# Keine Aussicht mit Prepared Statement



## Guest (30. Mai 2007)

Hallöchen.

nachdem ich mich nun 4 Stunden zu tode gesucht habe, habe ich beschlossen nun zu fragen:

Ich habe eine Klasse die mir die Verbindung zu meiner Datenbank herstellt.
Diese instanziere ich bei bedarf und übergeben mein SQL Statement als String.

Nun habe ich dieses Hochkommaproblem. Wenn Texte aus einem Formularfeld ' oder " enthalten, gibt es
einen Fehler. Als Lösungsvoschlag habe ich hier dieses PreparedStatement gefunden.
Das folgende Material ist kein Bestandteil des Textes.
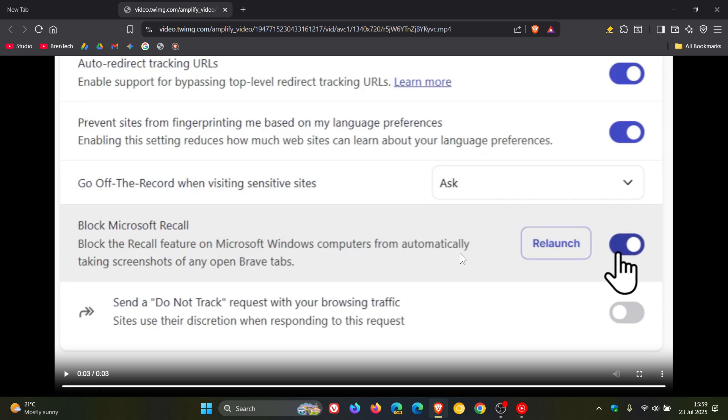And how this is all going to be happening, Brave says that it is telling the operating system that every Brave tab is private, not just private browsing. So Recall never captures it.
Wie aber implementiere ich das? Also wie übergebe ich dieses Statement an die Klasse der Datenbankverbindung?
Hier habe ich meist nur Beispiele gefunden, in denen das PRepared Statement direkt in der Verbindungsklasse implementiert ist.

Das geht aber bei mir nicht, da ich der Klasse DB Verbindung verschiedene Statemenst übergebe und damit das setString nicht in der Verbindungsklasse verwenden kann oder? Weil ich doch jedes mal was anderes übertrage.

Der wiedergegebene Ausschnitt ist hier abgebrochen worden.